[Goal of the exercise]:
Copy the closing run of lines, from the one with "Classically Modern Design" through the last line of the listing, exactly and without any pictures.

[Data excerpt]:
◇ ◇ ◇ ◇
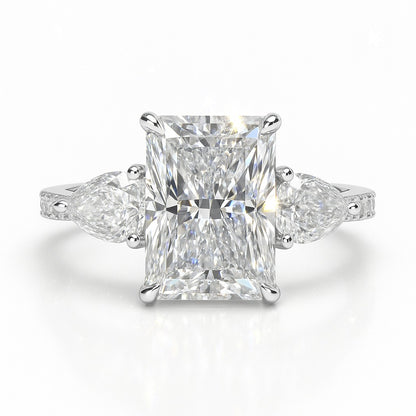 2.5 Carat Lab-Grown Trilogy Engagement Ring – Radiant Cut Diamond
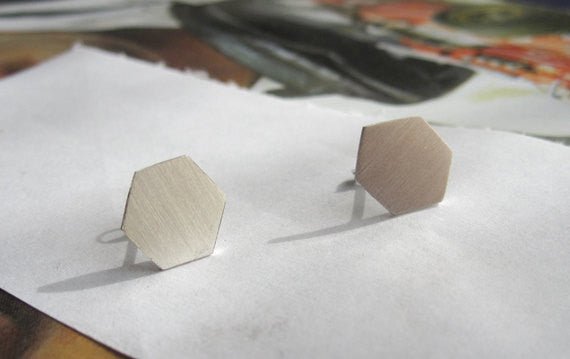 Classically Modern Design - Hand-Made Thin Sterling Silver Flat Hexagon Studs - 0045 - Virginia Wynne Designs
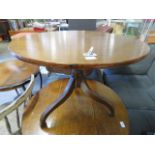 (2354) Small single pedestal mahogany coffee table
◇ ◇ ◇ ◇
[Expected answer]:
 Classically Modern Design - Hand-Made Thin Sterling Silver Flat Hexagon Studs - 0045 - Virginia Wynne Designs
 (2354) Small single pedestal mahogany coffee table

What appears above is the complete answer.